TASK STATEMENT: Among the lines below, restate word for word only those from the line with "DART - Foam" through the line with "Sony Alpha A6000", with both end lines kept.

EXTRACTED MATERIAL:
■ ■ ■ ■

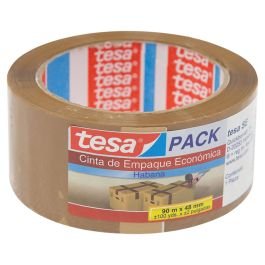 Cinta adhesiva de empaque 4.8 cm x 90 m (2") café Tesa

■ ■ ■ ■

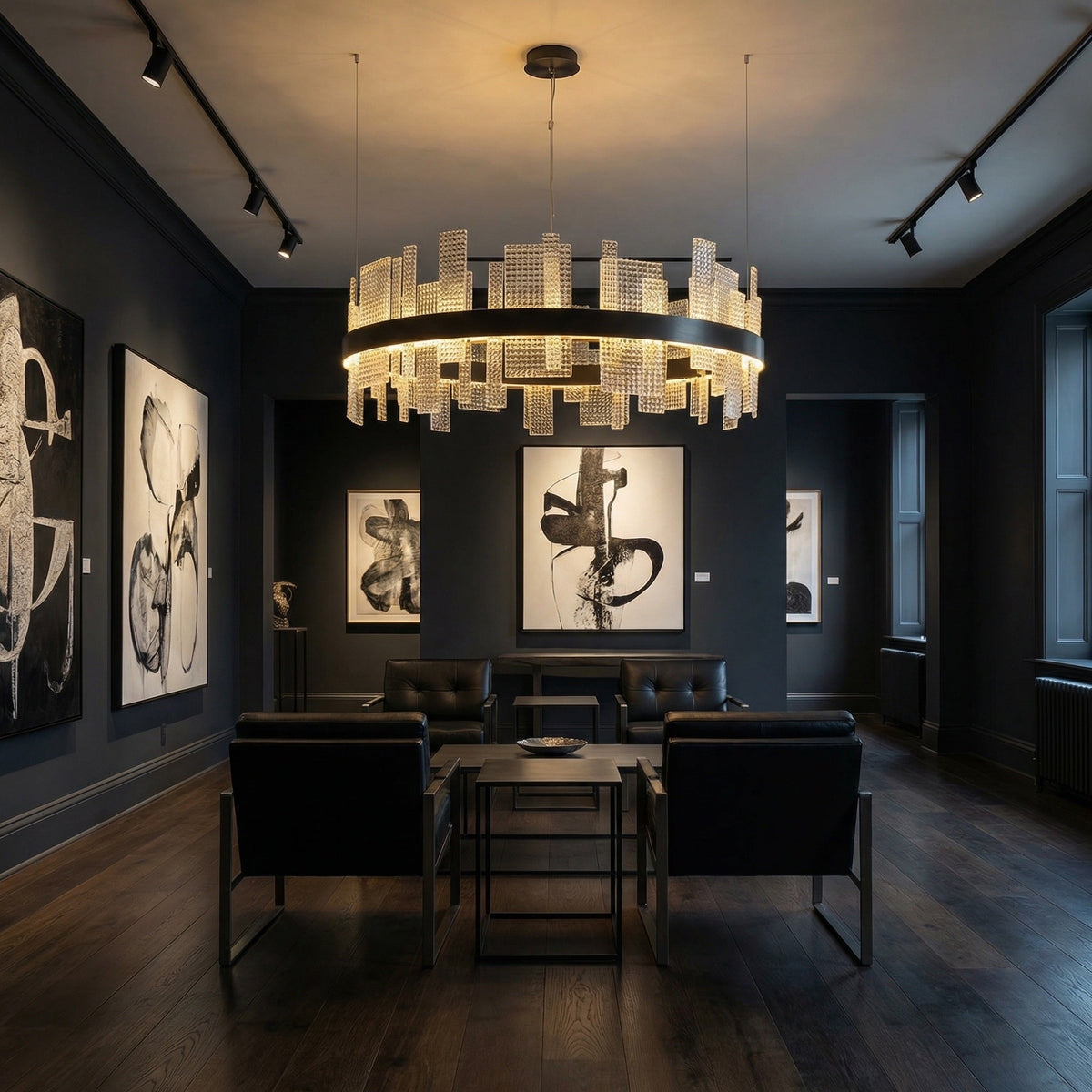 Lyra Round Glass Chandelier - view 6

■ ■ ■ ■

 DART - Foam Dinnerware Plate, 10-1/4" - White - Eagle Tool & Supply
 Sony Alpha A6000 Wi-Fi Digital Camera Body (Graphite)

■ ■ ■ ■

RESPONSE:
 DART - Foam Dinnerware Plate, 10-1/4" - White - Eagle Tool & Supply
 Sony Alpha A6000 Wi-Fi Digital Camera Body (Graphite)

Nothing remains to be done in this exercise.